Reputation: 3757
I'm not at all familiar with R. I have basic competency using MATLAB which I do like a lot.
My current task involves gathering nice statistical data and analyzing it. I have scraped my data from JSON into a data frame by using fromJSON in the RJSONIO lib. Then I removed NULL
values with
Stats <- lapply(Stats, function(x) {
x[sapply(x, is.null)] <- NA
unlist(x)})
then called
DF<-do.call("rbind", Stats)
to get the JSON values packed into a data frame. This left me with full atomic vectors, so this was cleaned up using
DF<-as.data.frame(DF)
Now I'm left with a DF where I'd like to be able to perform query-esque (SQL) calculations, ie.. My research has led me to a library called sqldf, but it seems to have many dependencies that I can't get running on my machine. Still looking for a solution.
List all people who are on team "NYI"
or
Find total number of goals for team
or even most helpful
Lookup data by name or other key value
Sample data frame:
_ Name Team Opponent
167 Matt Carkner NYI PHI
168 Keith Ballard MIN FLA
169 Willie Mitchell FLA MIN
170 Rob Scuderi PIT BOS
171 Nate Prosser MIN FLA
172 Nick Schultz PHI NYI
Upvotes: 1
Views: 406
Reputation: 3757
SQLDF turned out to be the PERFECT solution to my type of question.

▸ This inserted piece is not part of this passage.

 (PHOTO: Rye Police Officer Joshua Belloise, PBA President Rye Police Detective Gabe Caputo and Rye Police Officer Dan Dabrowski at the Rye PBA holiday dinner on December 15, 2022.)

I simply installed the package from the R console
install.packages("sqldf")
Since I'm running on an Apple system, some Xcode dependencies needed installing, but Software Update took care of that for me autonomously.
Then I simply used the
library(sqldf)
command to begin running SQL queries on my data frames.

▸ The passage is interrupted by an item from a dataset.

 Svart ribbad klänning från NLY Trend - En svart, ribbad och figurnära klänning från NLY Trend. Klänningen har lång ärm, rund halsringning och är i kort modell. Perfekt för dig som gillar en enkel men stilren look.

Use is very much so similar to standard SQL, return is new DF with requested attributes. Wrapped up in a view tag makes it a perfect tool now.
View(sqldf("SELECT * from skaters WHERE Team='PHI'"))
Upvotes: 1
Reputation: 3501
Suggest data.table
package.
# toy data
# I presume your first column of data is number of "goals"

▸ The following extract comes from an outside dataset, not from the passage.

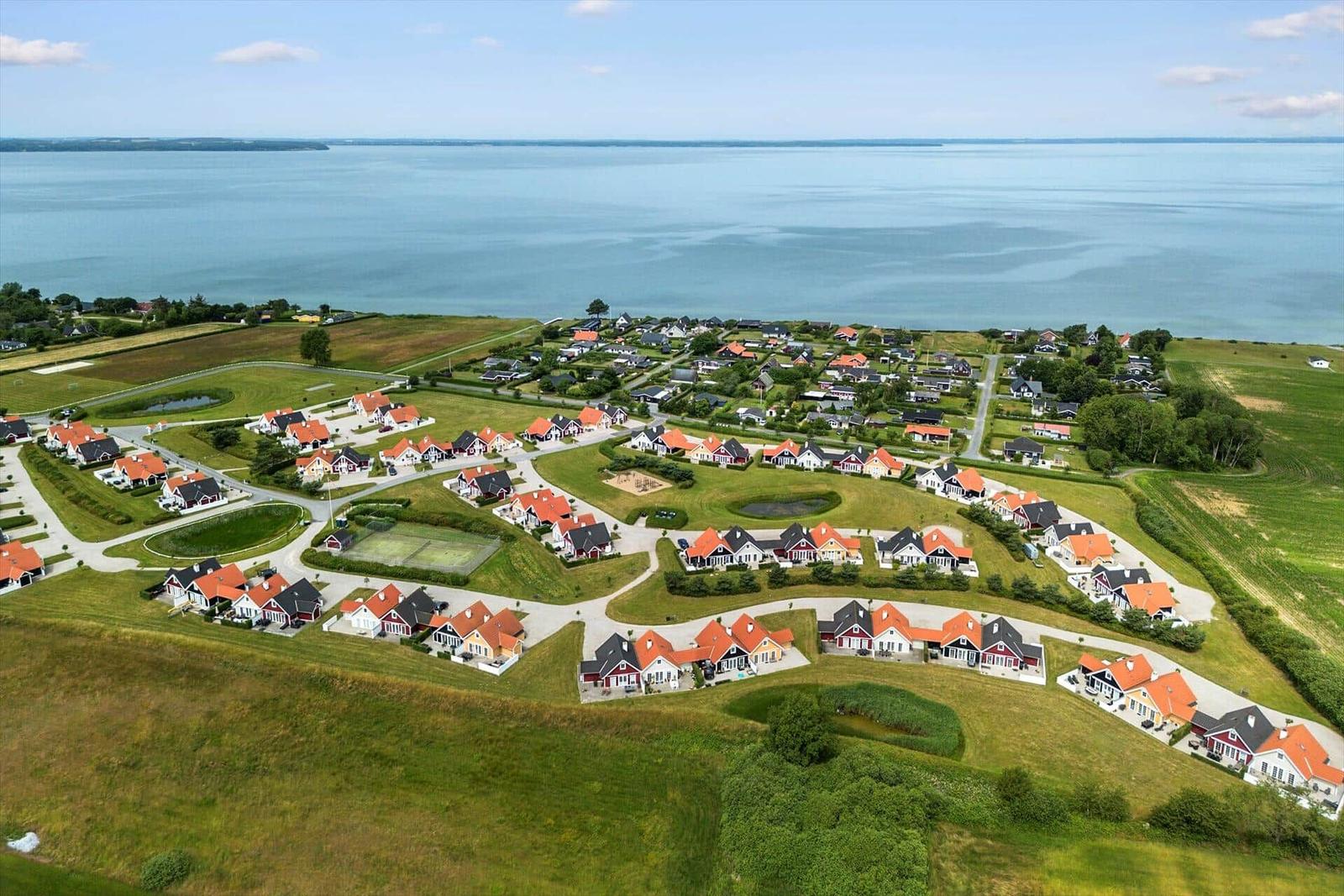 Aerial view of a coastal residential area with houses and green spaces near water.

df <- structure(list(Goals = 167:172, Name = structure(c(2L, 1L, 6L,
5L, 3L, 4L), .Label = c("Keith Ballard", "Matt Carkner", "Nate Prosser",
"Nick Schultz", "Rob Scuderi", "Willie Mitchell"), class = "factor"),
Team = structure(c(3L, 2L, 1L, 5L, 2L, 4L), .Label = c("FLA",
"MIN", "NYI", "PHI", "PIT"), class = "factor"), Opponent = structure(c(5L,
2L, 3L, 1L, 2L, 4L), .Label = c("BOS", "FLA", "MIN", "NYI",
"PHI"), class = "factor")), .Names = c("Goals", "Name", "Team",
"Opponent"), class = c("data.table", "data.frame"), row.names = c(NA,
-6L), .internal.selfref = <pointer: 0x001924a0>, index = structure(integer(0), "`__Team`" = c(3L,
2L, 5L, 1L, 6L, 4L)))
illustrations on a few operations
setDT(df) # convert data frame to data.table
df[Team == "NYI",] # there's faster approach by first keying the concerned column
# you get
Goals Name Team Opponent
1: 167 Matt Carkner NYI PHI
df[,list(ttl_goals = sum(Goals)), by=Name] # to get total goals per player
# you get
Name ttl_goals
1: Matt Carkner 167
2: Keith Ballard 168
3: Willie Mitchell 169
4: Rob Scuderi 170
5: Nate Prosser 171
6: Nick Schultz 172
Upvotes: 2